Le président Cyril Ramaphosa a déclaré la semaine dernière que le système de santé du pays « s'effondrait » alors qu'il imposait une interdiction de deux semaines à tous les rassemblements, à l'intérieur et à l'extérieur, ainsi que la vente d'alcool et les voyages vers ou depuis les régions les plus touchées du pays, comme Gauteng, sa province la plus peuplée et la plus productive sur le plan économique. Un couvre-feu prolongé a également été imposé et les écoles ont fermé tôt pour les vacances.

« Nous avons surmonté deux vagues décisives, mais nous avons maintenant une nouvelle colline à gravir, un grand défi, une résurgence massive des infections… une vague dévastatrice », a-t-il déclaré.

La colère et la frustration ont augmenté après que les promesses répétées d'accélérer la campagne de vaccination chancelante aient été rompues. Seuls trois millions de jabs ont été délivrés à une population de 60 millions d'habitants. Le ministre de la Santé par intérim, Mmamoloko Kubayi-Ngubane, a déclaré que la livraison de vaccins s'accélérerait dans les semaines à venir, tous les plus de 50 ans, ainsi que la police, les enseignants et les soldats, étant ciblés.

Cyril Ramaphosa a imposé la semaine dernière une interdiction des rassemblements, des déplacements et de la vente d'alcool. Photographie  : Elmond Jiyane/GCIS/EPACependant, une série de scandales de corruption impliquant des dépenses de Covid a sapé la confiance dans le gouvernement. Le ministre de la Santé a été suspendu dans l'attente d'une enquête sur des allégations de corruption.

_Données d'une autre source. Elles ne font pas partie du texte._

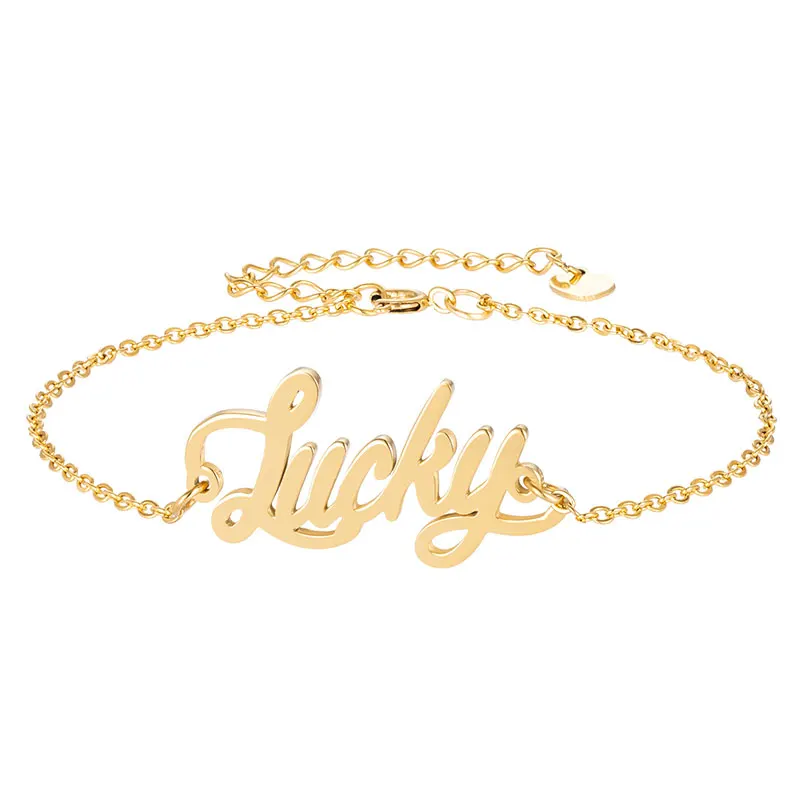 Модное ожерелье из нержавеющей стали + браслет набор &quotLucky&quot с надписью Золотое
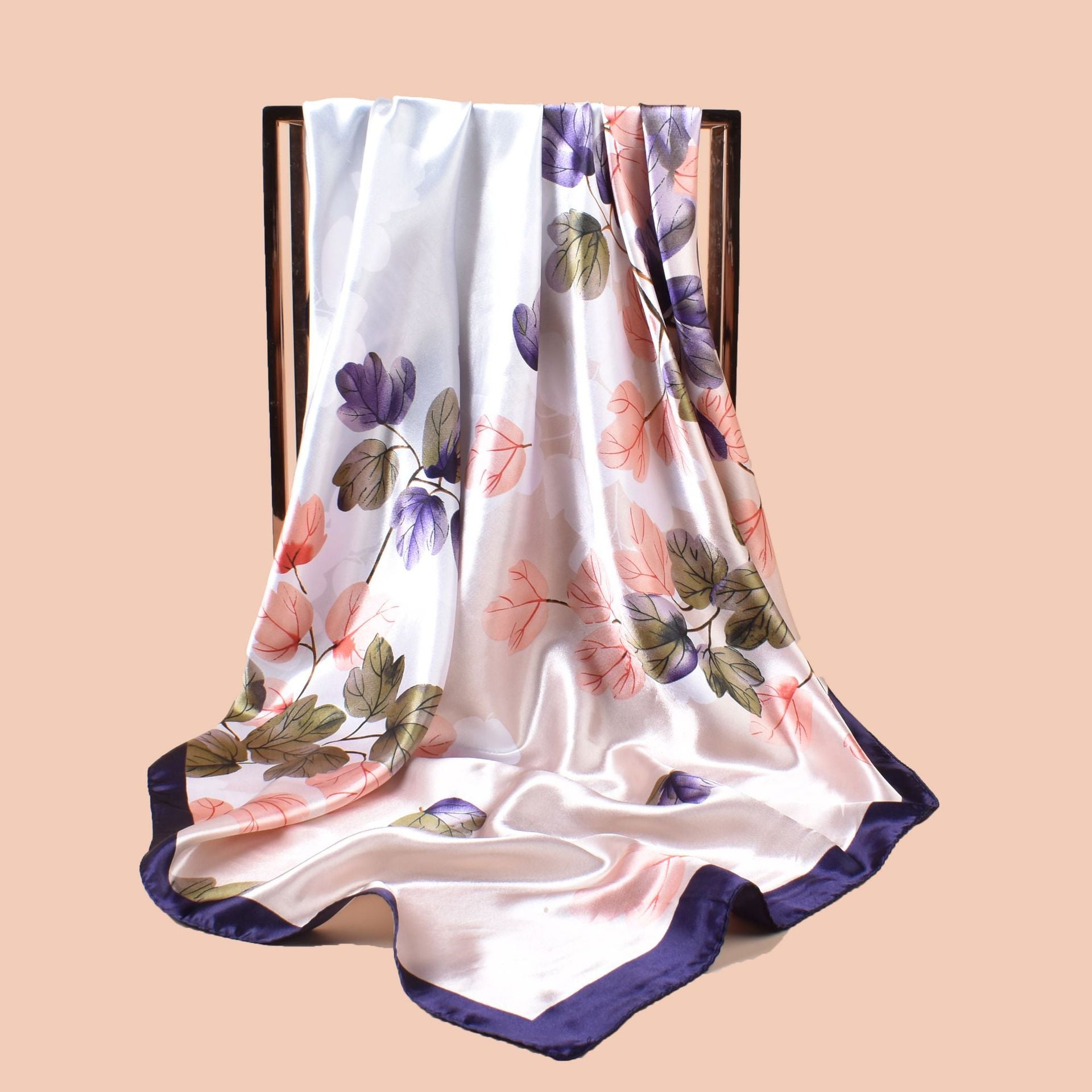 New 90cm * 90cm satin, leaf printed large square scarf with sunscreen, bag head silk scarf decoration, scarf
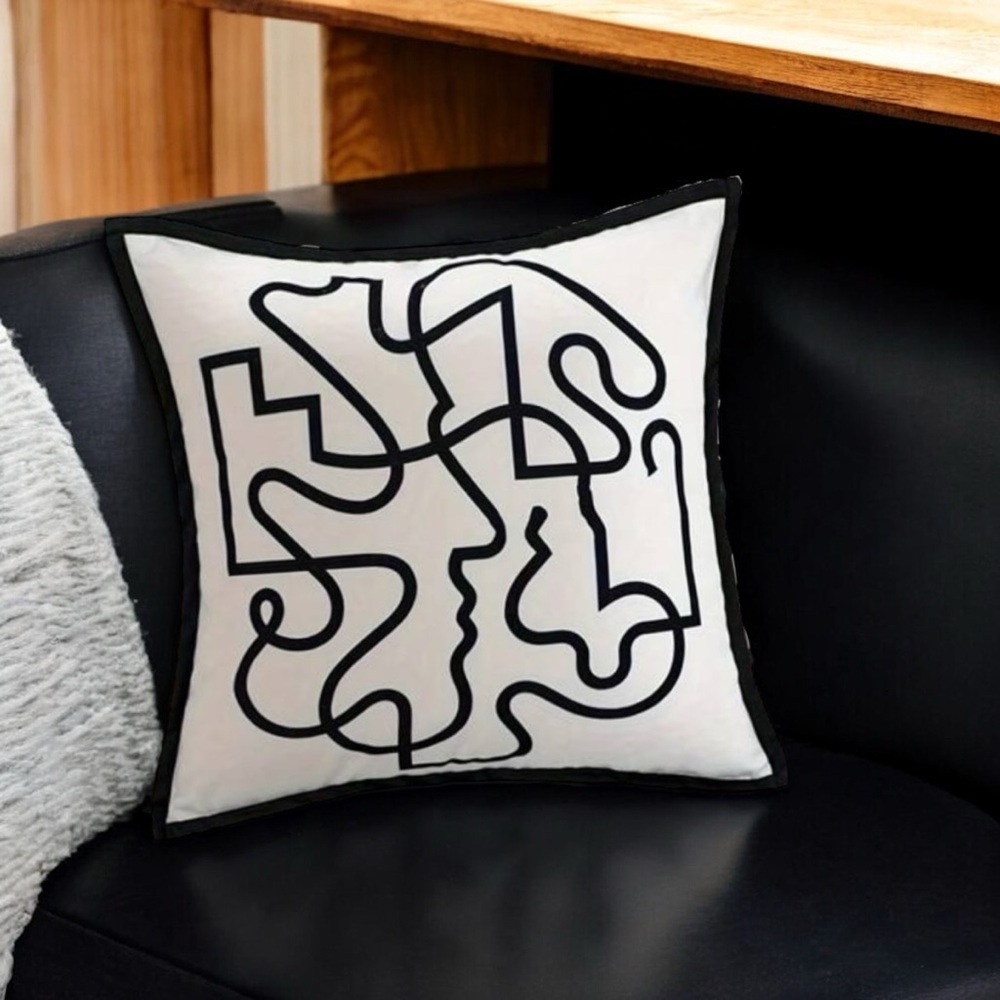 Modern Black and White Throw Pillow Cover, 18”x18”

La recrudescence des infections a mis à nu la faiblesse des services de santé publique, avec des hôpitaux débordés et des pénuries d'oxygène, mais surtout un manque de personnel formé. L'arrivée très médiatisée des médecins militaires a été décrite par les professionnels de la santé comme « une goutte très tardive dans un très grand océan ».

Jeudi dernier, l'Association médicale sud-africaine a menacé de poursuivre le gouvernement en justice parce que des dizaines de nouveaux médecins juniors ne peuvent pas trouver de placement malgré les pénuries de personnel.

La campagne de vaccination a été interrompue le week-end et les jours fériés pour reposer les agents de santé, mais aussi parce qu'il n'y a pas de budget pour les heures supplémentaires, ont admis des responsables.

Dans de nombreuses régions du pays, les organisations bénévoles comblent les lacunes. Certains patients de Johannesburg qui n'ont pas réussi à trouver un lit dans un service public sont soignés dans un service Covid de fortune mis en place par une organisation caritative musulmane de la ville.

« Nous ne voyons pas de morts. Les services funéraires voient des morts. Nous voyons la mort. C'est la différence. Nous voyons la mort arriver. Nous essayons d'atteindre les patients à temps, mais malheureusement, nous ne pouvons pas toujours le faire », a déclaré Anees Kara, un médecin bénévole.

Des études sur les donneurs de sang publiées vendredi ont révélé que près de la moitié de la population a peut-être déjà été infectée par le virus, bien que la troisième vague semble être la pire à ce jour.

L'OMS a déclaré que la vitesse et l'ampleur de la troisième vague africaine sont sans précédent.

« La propagation galopante de variantes plus contagieuses pousse la menace pour l'Afrique à un tout autre niveau. Plus de transmission signifie plus de maladies graves et plus de décès, donc tout le monde doit agir maintenant et renforcer les mesures de prévention pour éviter qu'une urgence ne devienne une tragédie », a déclaré le Dr Matshidiso Moeti, directrice régionale de l'OMS pour l'Afrique.

Huit vaccins ont été approuvés pour la liste d'urgence de l'OMS, mais les expéditions vers l'Afrique se sont en fait taries. « Alors que les problèmes d'approvisionnement persistent, le partage des doses peut aider à combler le fossé. Nous sommes reconnaissants pour les promesses faites par nos partenaires internationaux, mais nous avons besoin d'une action urgente sur les allocations. L'Afrique ne doit pas languir dans les affres de sa pire vague à ce jour », a déclaré Moeti.

Seulement 15 millions de personnes – 1,2 % de la population africaine – sont complètement vaccinées.